By Miesha Glover
Social networking is turning into a youth dreamland. According to a press release on comscore.com , Facebook took over the global lead among social networking sites in April 2008. Some other sites, including Facebook, Myspace, and Tagged, give us a chance to stay connected and talk to friends— but at what cost?
In many situations, these sites are being used in inappropriate ways and to remedy that, companies that host them, should implement an age requirement that can be enforced.Case in point— last year, an 18-year-old Wisconsin man was allegedly charged with using Facebook.com to exhort sex from boys by threatening to expose nude pictures of them he obtained by pretending to be girls on the site. This situation shows how vulnerable young people really are and how they expose themselves to becoming friends with anybody without knowing the whole story.
According to Pip1.com, which collects hundreds of millions of profiles from social networking sites, women who visit these sites tend to be younger, while men tend to be older. At the same time, it appears that the people visiting social networking sites are becoming younger and younger. But how young and how old a person is may be hard to measure on the Internet. People lie about their ages. Sometimes, those who want to be older lie and those who want to be younger do not tell the truth. A young person who wants to remain safe should not lie and should think that if you have to lie, you probably should not be on the site.
Another problem is the inappropriate use of language and pictures by teens. Many of these sites have links that you can click on to report inappropriate behavior. However, from my experience, these links are pointless and when I reported a picture which I felt was inappropriate, nothing happened and the picture remained on the site for at least a couple of weeks until the person who posted the image finally changed the picture.
Cyber bullying poses another problem. A discussion on dcspost.com indicated that 32% of teens on the Internet are victims of Internet bullying. Teens who share their identities and thoughts on social networking sites are more likely to be targets than are those who do not use social networking sites according to makeadifferecneforkids. com. Also on this site are different stories about teens that have died or committed suicide due to cyber bullying.
Addressing suicides which occur as a result of social networking sites, Pope Benedict XVI, who has more than 27,000 fans of his own on Facebook, said while some sites foster friendships and understanding, “obsessive virtual socializing can isolate people from real interaction and deepen the digital divide by excluding those already marginalized.”
Providing direction for parents and their children, Enough.org, helps teach the safest way to browse the Internet. The organization has setup ‘Rules and Tools’ which implements safety and software to protect children online.

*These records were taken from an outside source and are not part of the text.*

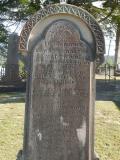 image of grave number 538715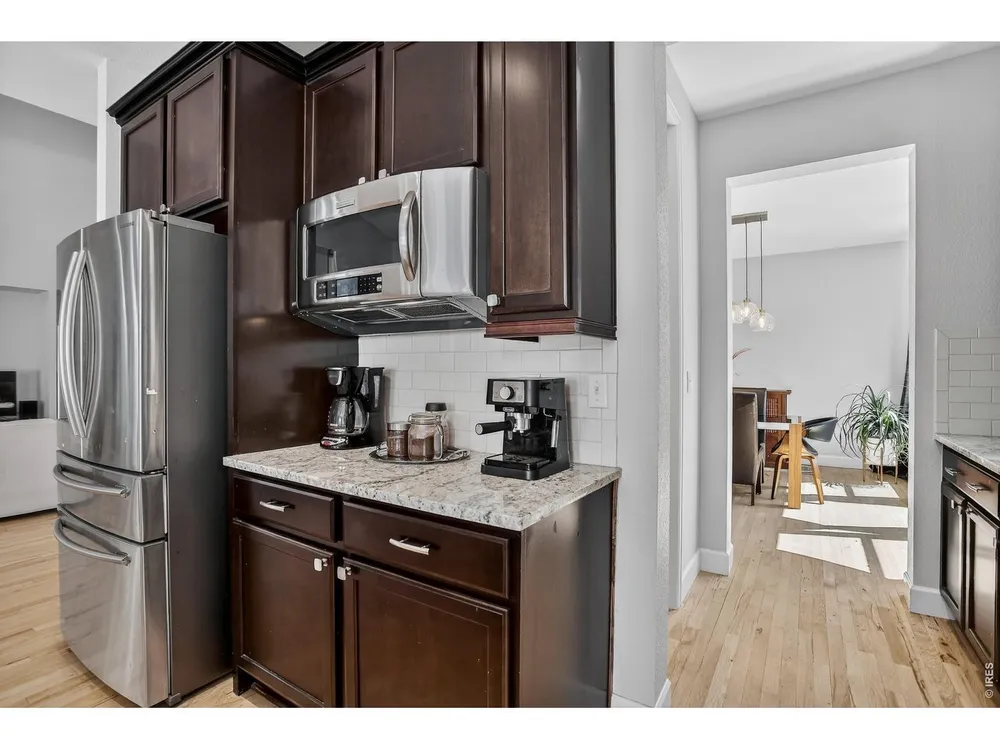 1652 Dorothy Cir, Longmont, CO 80503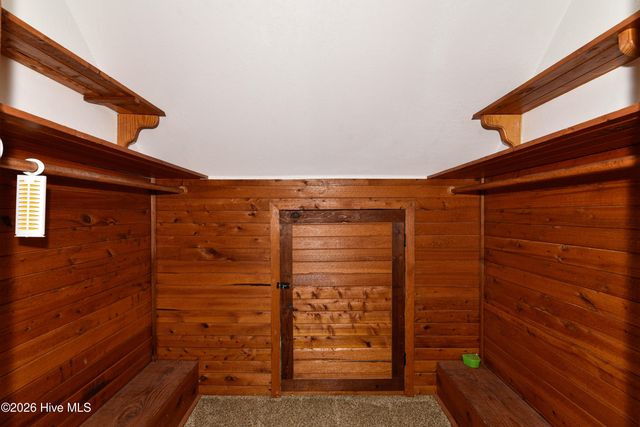 112 Canadian Goose Drive, Currituck, NC 27929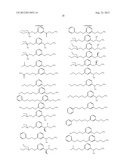 Alkoxy Compounds for Disease Treatment diagram and image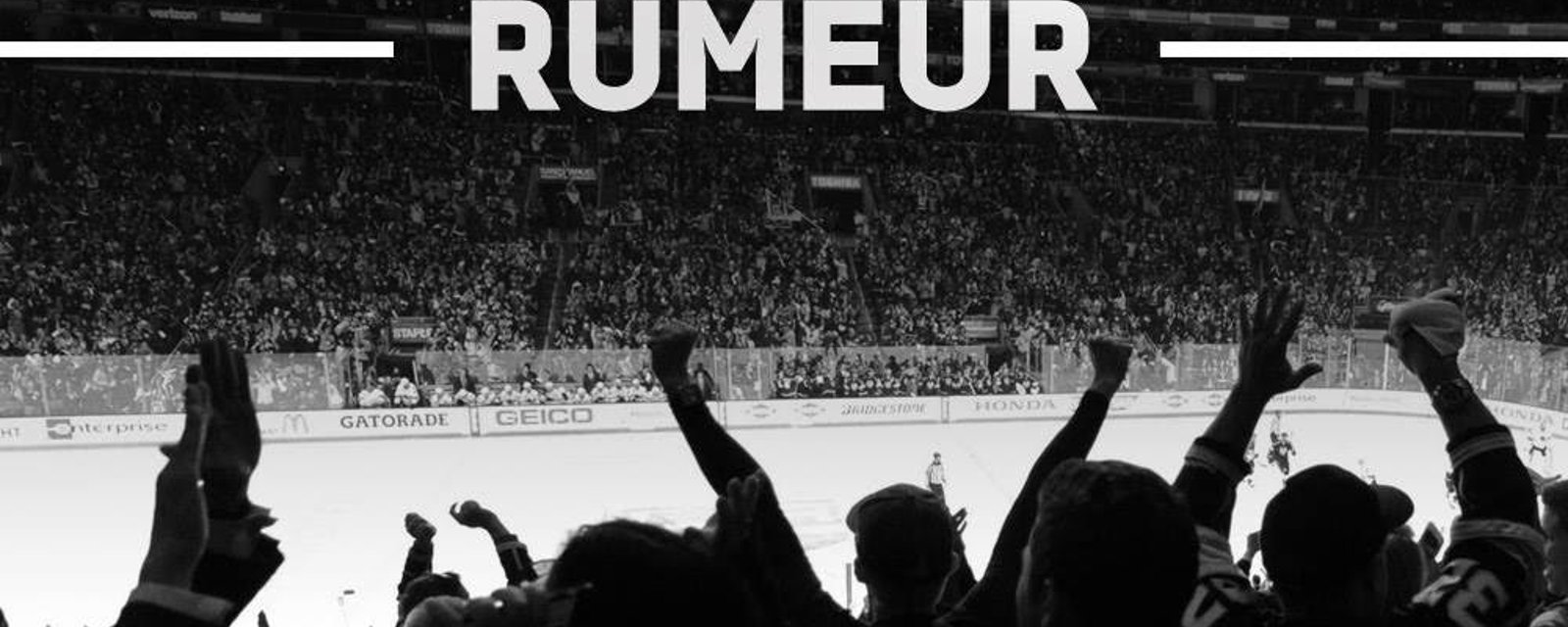 Un attaquant convoité sera assurément échangé!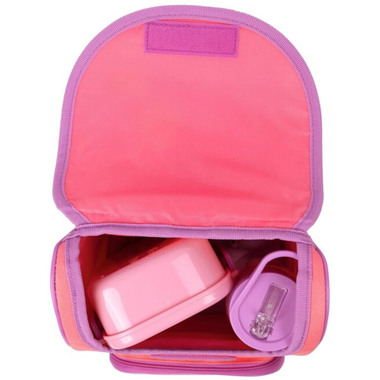 SCOOLI Kindergarten Rucksack PIPB8242 Cutie Peppa Pig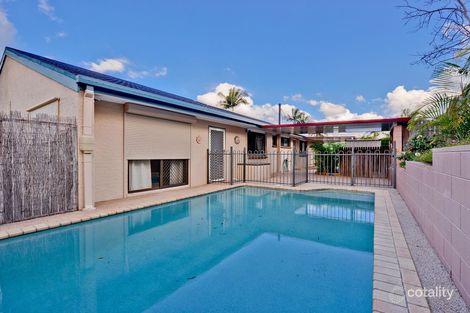 Property photo of 2 Bunowen Street Ferny Grove QLD 4055
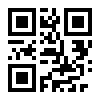 isna.ir/xdR2tc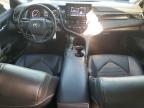2021 Toyota Camry Se იყიდება Harleyville-ში, SC - Front End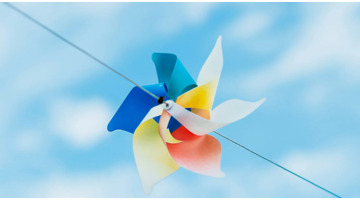 高人预言摩羯座2022每月运势【高人预言摩羯座2022事业】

Some suggestions include keeping the lines of communication open while experts suggest parents establish an atmosphere of trust and work to supervise computer use and other Internet devices. Parents are also advised to keep their children’s computers in an open area of the home and protect personal information posted online. Using privacy settings to restrict and limit access as to who can view profiles and searching blog sites other children visit to see what information their own children are posting, are also good ideas. Other precautions include discouraging the use of webcams, knowing the child’s online activities and friends, instructing the child never to plan a face-to-face meeting, and teaching children to never open, read or respond to messages from a cyberbully. By establishing online rules and an agreement with children about Internet use at home and outside the home, parents can prevent future problems.While the Internet is here to stay and people will likely continue to rely on it, it’s going to take a combination of everyone working together, parents, business and the young people who use it to help keep surfing the Net safe.